• **TO DO**
Transcribe the line that contains "Esoulk Magnet Car" and every line after it to the end of the records, exactly and nothing else. Skip the pictures.

┌──

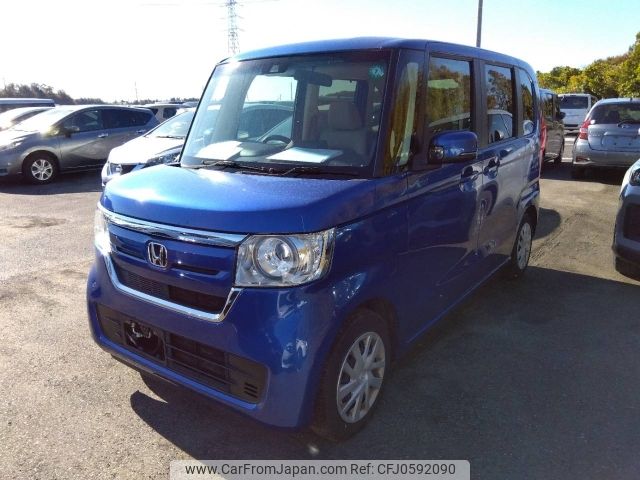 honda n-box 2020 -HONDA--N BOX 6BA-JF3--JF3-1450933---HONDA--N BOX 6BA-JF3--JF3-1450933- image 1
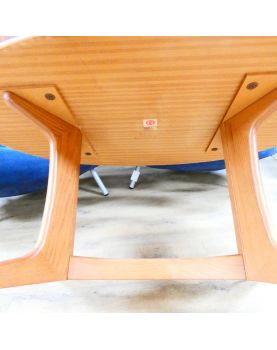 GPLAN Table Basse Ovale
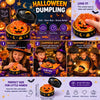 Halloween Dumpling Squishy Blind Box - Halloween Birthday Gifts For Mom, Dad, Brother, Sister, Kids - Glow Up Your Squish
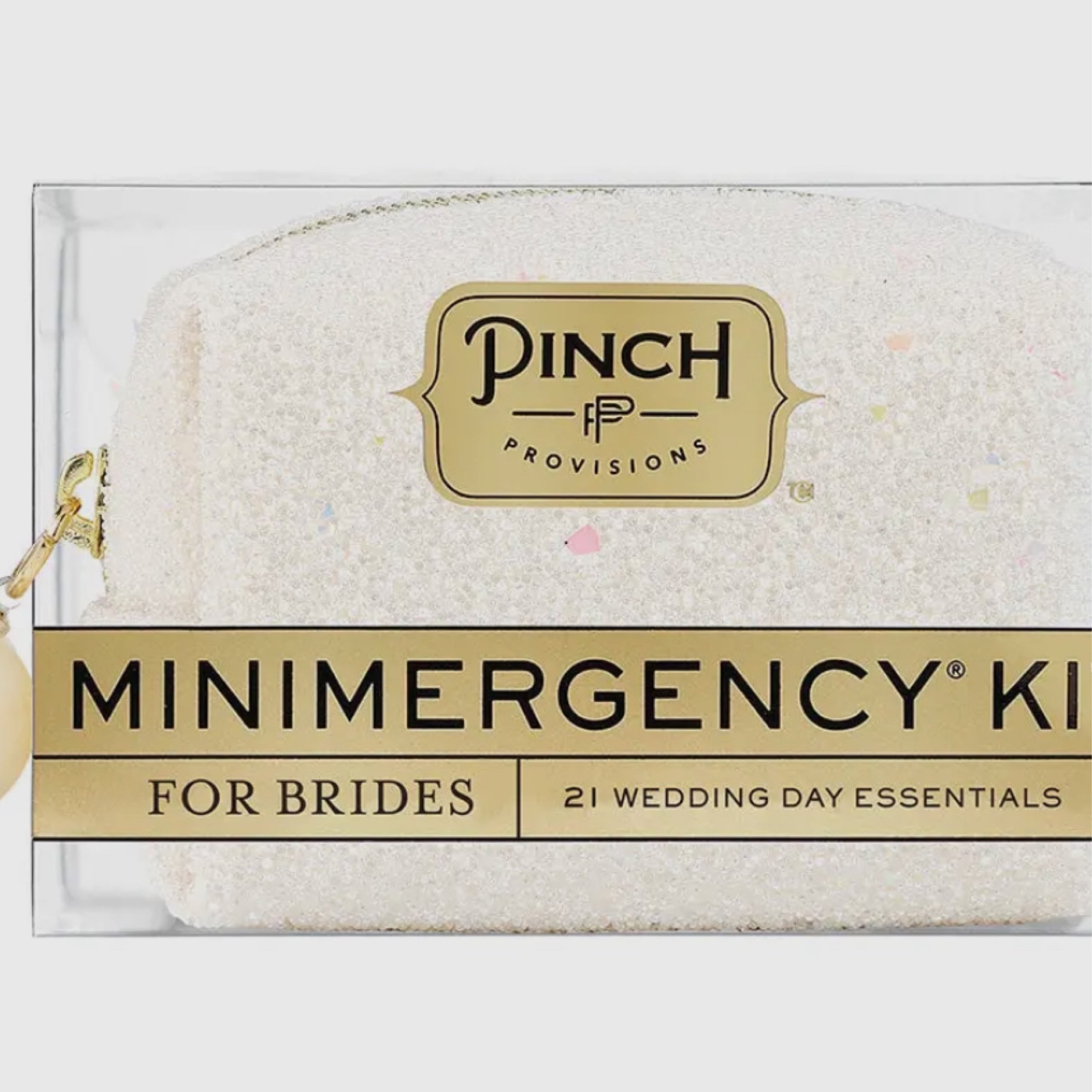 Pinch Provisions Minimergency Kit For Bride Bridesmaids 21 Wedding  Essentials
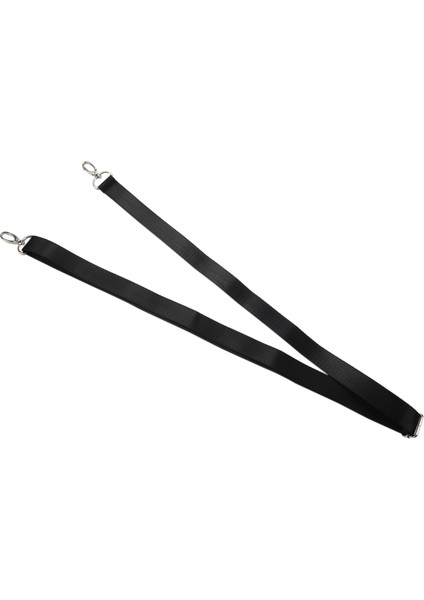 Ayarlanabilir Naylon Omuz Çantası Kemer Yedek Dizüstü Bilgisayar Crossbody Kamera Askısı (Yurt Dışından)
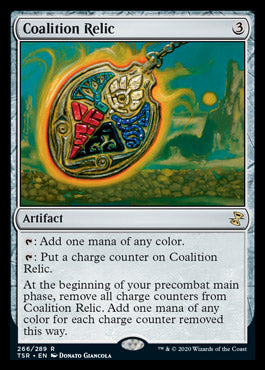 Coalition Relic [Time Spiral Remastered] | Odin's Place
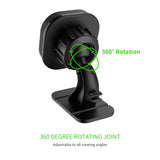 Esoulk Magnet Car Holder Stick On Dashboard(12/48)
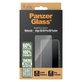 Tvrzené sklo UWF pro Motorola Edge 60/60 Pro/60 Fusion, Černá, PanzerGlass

└──

• **YOUR SOLUTION**
 Esoulk Magnet Car Holder Stick On Dashboard(12/48)
 Tvrzené sklo UWF pro Motorola Edge 60/60 Pro/60 Fusion, Černá, PanzerGlass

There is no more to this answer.